Your copy must hold all of the data below, unchanged and without images.

___ Records ___

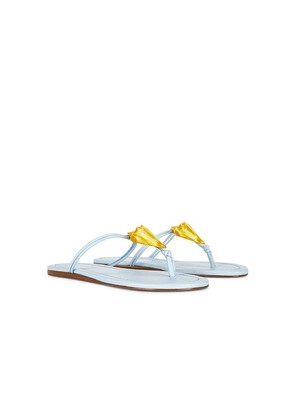 FARM Rio Shell Flat Sandal in Metallic Gold. Size 10. Also in 6, 6.5, 7, 7.5, 8, 8.5, 9.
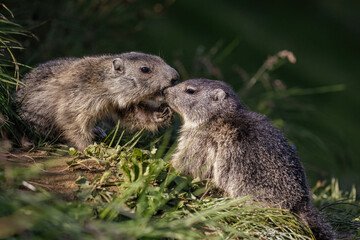 Alpenmurmeltier (Marmota marmota)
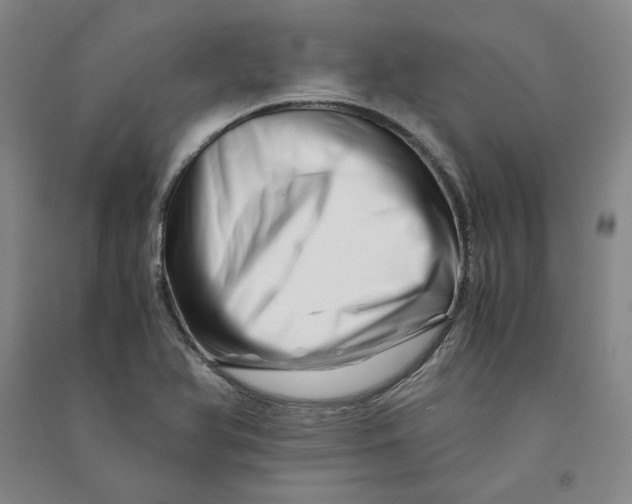 X0000090881366200708171637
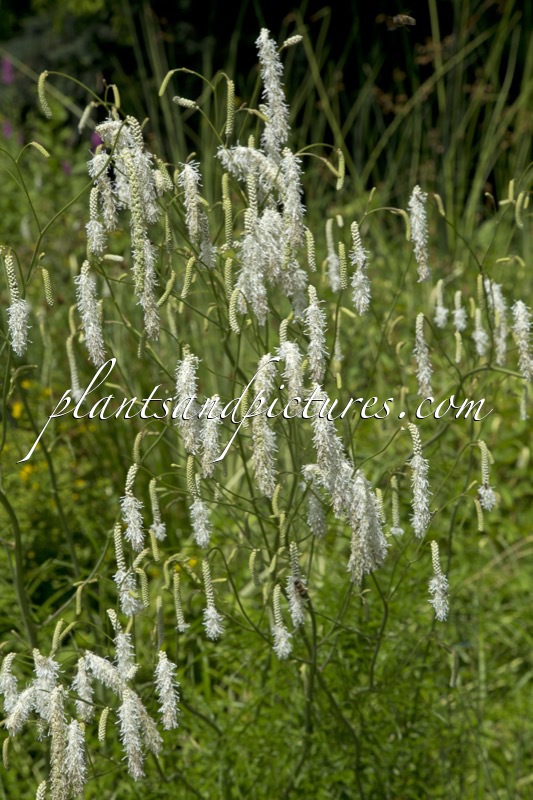 Sanguisorba tenuifolia var. alba
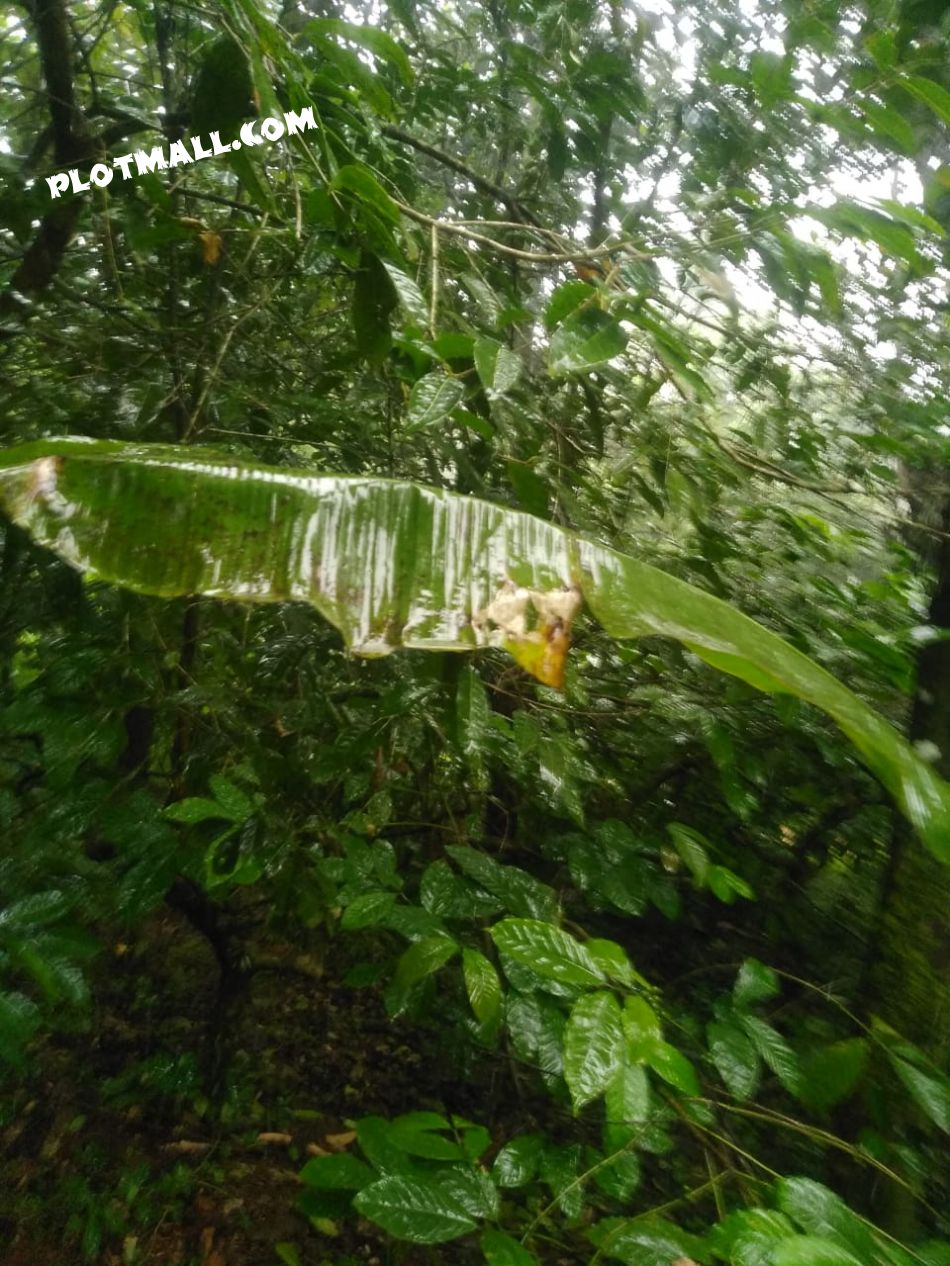 Residential Land For Sale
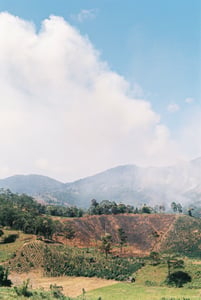 Vườn cà phê ở Đà Lạt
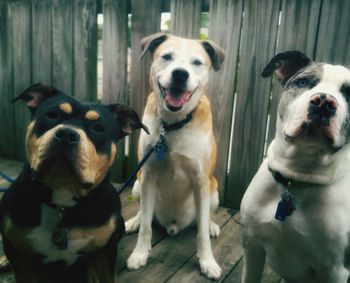 Close-up portrait of dogs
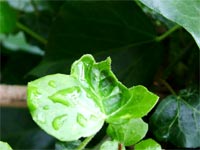 ivy-leaf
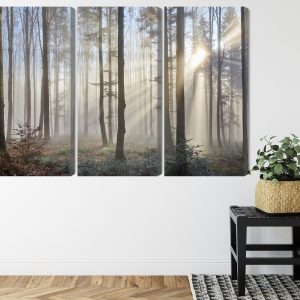 Peinture en plusieurs parties Lever Du Soleil Dans Les Bois – Image 8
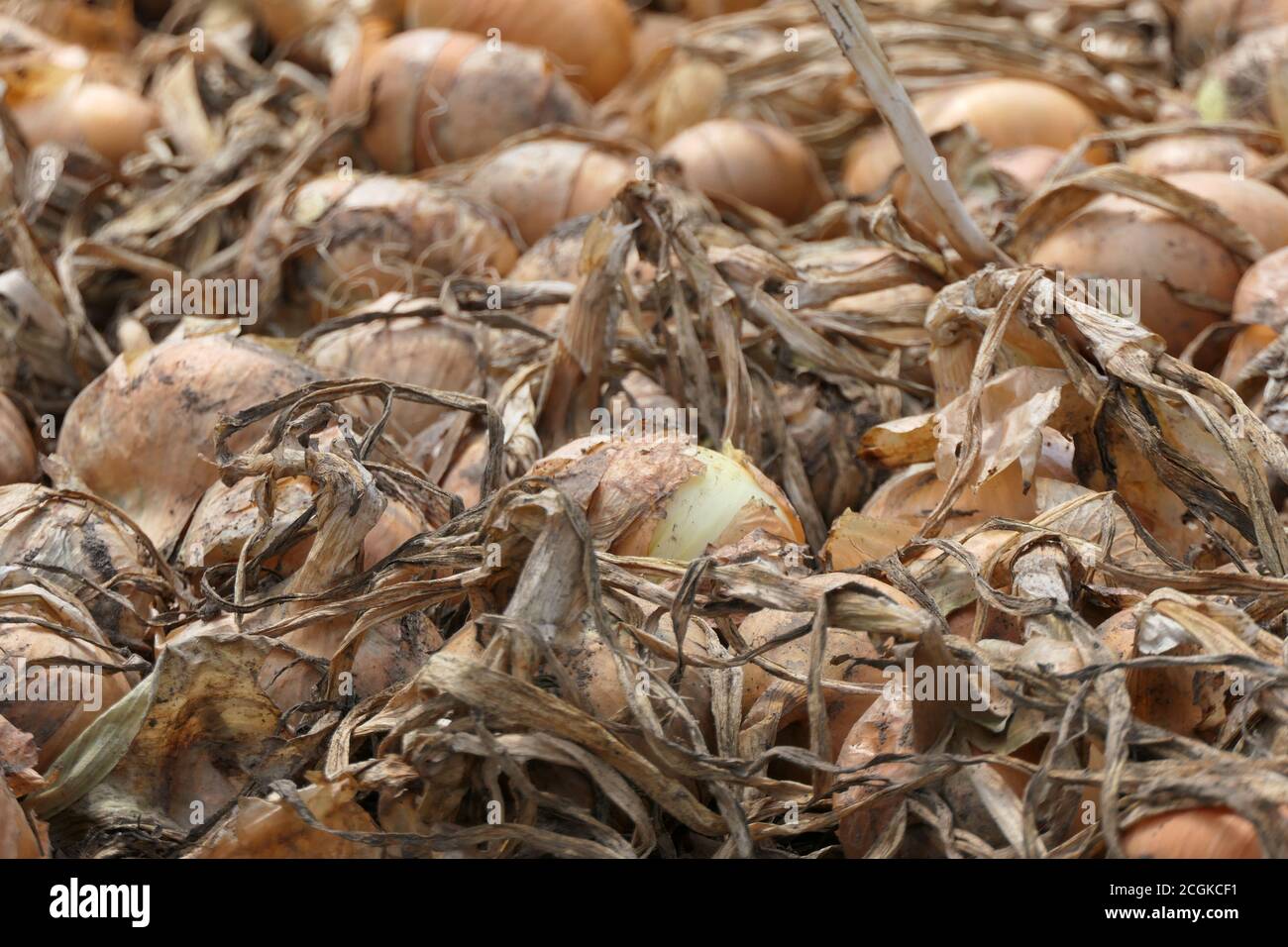 Nahaufnahme von reifen oder reifen Zwiebeln mit Schale auf liegen In einem Feld auf dem Boden Stockfoto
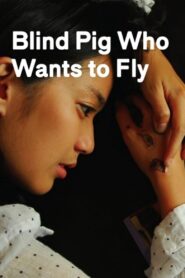 Blind Pig Who Wants to Fly 2008 one on netflix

___

§ Final answer
 FARM Rio Shell Flat Sandal in Metallic Gold. Size 10. Also in 6, 6.5, 7, 7.5, 8, 8.5, 9.
 Alpenmurmeltier (Marmota marmota)
 X0000090881366200708171637
 Sanguisorba tenuifolia var. alba
 Residential Land For Sale
 Vườn cà phê ở Đà Lạt
 Close-up portrait of dogs
 ivy-leaf
 Peinture en plusieurs parties Lever Du Soleil Dans Les Bois – Image 8
 Nahaufnahme von reifen oder reifen Zwiebeln mit Schale auf liegen In einem Feld auf dem Boden Stockfoto
 Blind Pig Who Wants to Fly 2008 one on netflix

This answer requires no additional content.